Yoshimi Yoshiaki, “Comfort women” (Iwanami Shinsho, April, 1995)

For example, in Comfort women (Iwanami Shinsho, April, 1995) published in 1995 by Yoshimi Yoshiaki, a leading researcher on this issue, “comfort women” are defined as “the women who were under the control of the military, imprisoned for a certain period of time without any rights and forced to provide sex to the soldiers, the people who fell into circumstances of “military sexual slavery” (p11).

In a conclusion part of this book, “What is the true nature of the issue of comfort women”, it is summarized as follows (p231-233):

First, “it was systematized violence against women in that the military continuously imprisoned women and military personnel raped them in turn without realizing what they were doing was a grave human rights violations against women”.

Second, “it was racial and ethnic discrimination”.

Third, “it was economic hierarchical discrimination”.

Fourth, “it was a violation of international law and a war crime”.

It is also clearly pointed out here that the major point is not the fact that coercion was used to take the women but the fact that women were arrested, imprisoned and under circumstances of sexual slavery after being taken to the military comfort stations―whatever the way they were taken.
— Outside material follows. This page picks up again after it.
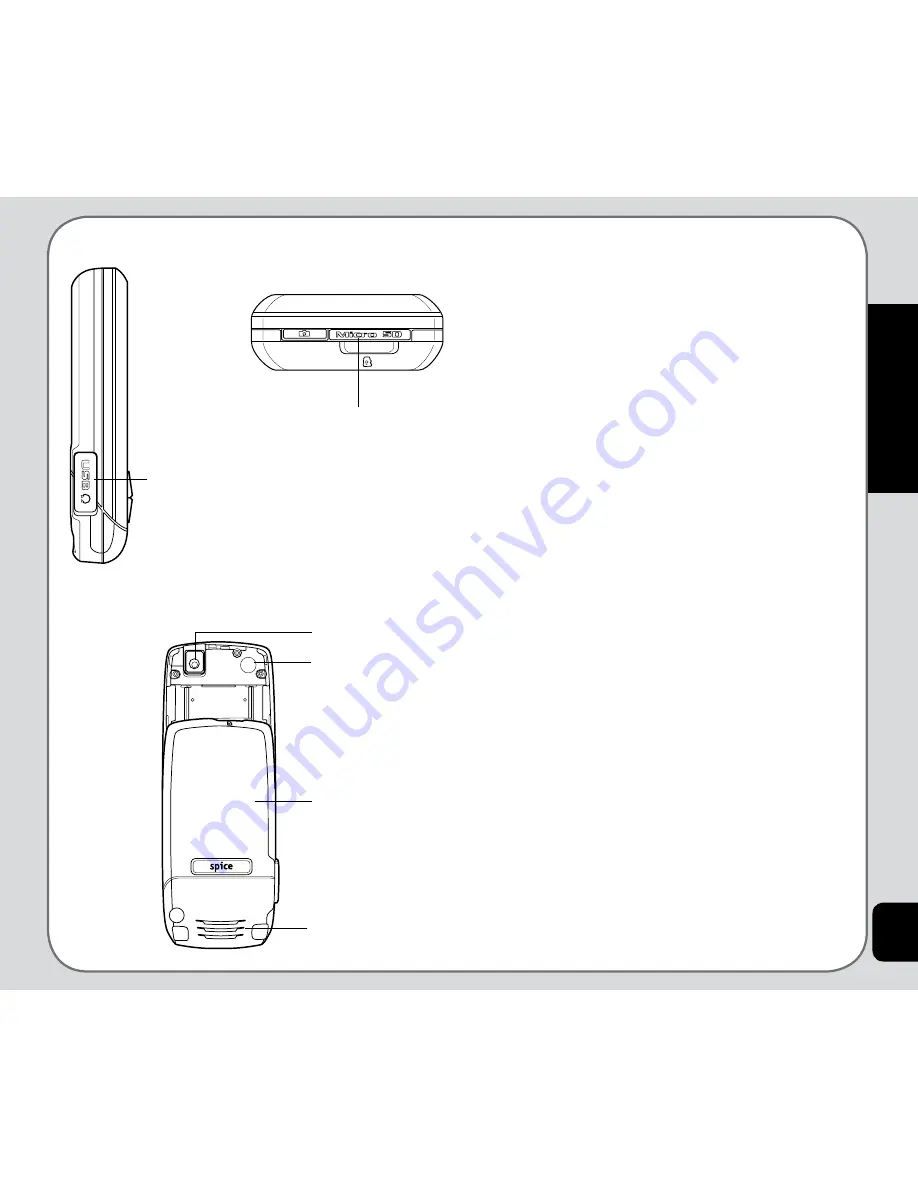 Spice S-909 User Manual Download Page 15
It is made clear that not only violence was involved in recruitment but also fraud, flattery or trafficking in persons, which were crimes even at that time.

This understanding is held by researchers throughout the world. For example, introducing an American’s opinion at a history symposium in 2007, ex-diplomat Togo Kazuhiko says as follows:

“Discussion as to whether there was “forced prostitution” or not made by the Japanese has nothing to do with the true nature of this issue. It isn’t an issue that is the focus of attention in general in the world. With regard to the issues of sex, gender and women’s rights, American’s view is completely different from before. When they hear the story of “comfort women”, the only thing they think is “how would I think if my daughter were made to be a “comfort women”?” And they are horrified. This is the true nature of the issue. Much more, if “comfort women” were taken merely by means of flattery, or deception, they are nothing but crimes. Are there any differences between “forced prostitution” and “deception by flattery and manipulation that makes them unaware of what they are getting into”? If a nation justifies such a system, saying “it was unavoidable at that time”, it is a denier of women’s rights and can’t be recognized at all as an ally.”(“Sekai” December, 2012)
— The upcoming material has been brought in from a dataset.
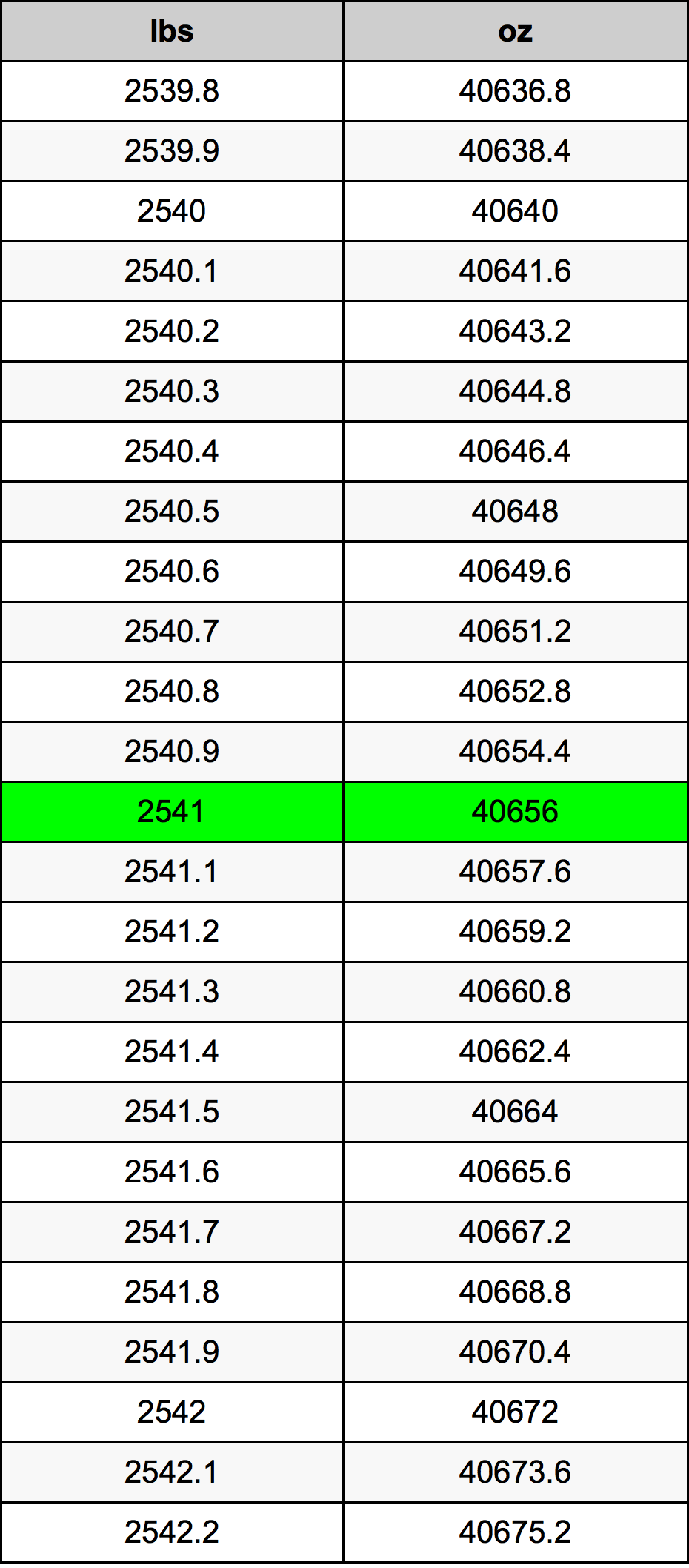 2541 Фунт Таблица за преобразуване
Moreover, Michael Green, senior director for Asian affairs at the National Security Council when Bush took office, says as follows:

“Lawmakers in Nagatacho forget the following thing. It doesn’t matter whether the women made to be “comfort women” were coerced or not. Nobody pays attention to the point except Japan. What matters is that “comfort women” led lives of misery.”(“Asahi Newspaper” March 10th, 2007)

When a kidnapping incident occurs, it doesn’t matter whether violence or deception was used to take the victim. As long as the victim is arrested and imprisoned, nobody pays attention to the way the victim was taken at first. In both ways, responsibilities for the crime are the same. If you will say since they were taken by means of merely deception, there was nothing wrong, everybody will boo you, saying what a foolish thing to say.

The crucial point is the fact that the women were imprisoned in comfort stations and coerced to “provide sex” and state organs established, operated and officially accepted such a system and enlisted the women.